■ REQUIREMENT: Below are the records; how many of their lines contain "photo"? Reply only with that figure.

■ DATA FOR ANALYSIS:
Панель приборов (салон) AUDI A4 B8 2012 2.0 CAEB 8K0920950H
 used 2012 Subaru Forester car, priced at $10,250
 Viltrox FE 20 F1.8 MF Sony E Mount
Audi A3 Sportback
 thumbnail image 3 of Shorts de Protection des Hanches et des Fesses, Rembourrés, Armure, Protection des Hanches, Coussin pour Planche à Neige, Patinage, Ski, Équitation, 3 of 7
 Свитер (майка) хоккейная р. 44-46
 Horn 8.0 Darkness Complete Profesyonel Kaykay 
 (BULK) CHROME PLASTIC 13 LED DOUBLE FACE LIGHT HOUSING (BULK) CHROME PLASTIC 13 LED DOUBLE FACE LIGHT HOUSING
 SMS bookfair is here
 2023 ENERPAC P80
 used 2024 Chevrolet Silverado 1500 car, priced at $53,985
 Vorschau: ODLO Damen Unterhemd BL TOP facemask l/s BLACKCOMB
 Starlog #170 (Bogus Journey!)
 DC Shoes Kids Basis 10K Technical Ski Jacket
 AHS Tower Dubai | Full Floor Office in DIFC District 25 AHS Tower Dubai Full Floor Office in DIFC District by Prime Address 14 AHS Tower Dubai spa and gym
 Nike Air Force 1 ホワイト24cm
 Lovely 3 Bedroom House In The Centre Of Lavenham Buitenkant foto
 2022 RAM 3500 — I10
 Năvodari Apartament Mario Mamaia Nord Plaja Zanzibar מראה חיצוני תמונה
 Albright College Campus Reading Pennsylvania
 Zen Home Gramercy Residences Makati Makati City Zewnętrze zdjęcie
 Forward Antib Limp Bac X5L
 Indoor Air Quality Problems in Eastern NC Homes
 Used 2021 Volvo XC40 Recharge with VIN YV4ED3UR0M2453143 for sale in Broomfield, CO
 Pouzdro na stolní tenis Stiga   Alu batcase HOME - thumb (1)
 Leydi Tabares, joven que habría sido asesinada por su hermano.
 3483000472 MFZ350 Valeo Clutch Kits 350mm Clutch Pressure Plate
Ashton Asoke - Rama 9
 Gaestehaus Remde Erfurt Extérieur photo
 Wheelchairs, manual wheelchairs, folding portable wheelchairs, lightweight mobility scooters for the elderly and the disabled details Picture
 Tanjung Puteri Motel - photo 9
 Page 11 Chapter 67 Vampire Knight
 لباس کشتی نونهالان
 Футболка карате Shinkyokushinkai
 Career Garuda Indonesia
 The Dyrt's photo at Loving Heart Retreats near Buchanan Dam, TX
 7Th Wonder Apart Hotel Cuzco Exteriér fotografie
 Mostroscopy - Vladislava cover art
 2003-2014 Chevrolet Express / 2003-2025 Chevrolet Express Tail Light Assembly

■ ANSWER BELOW: 3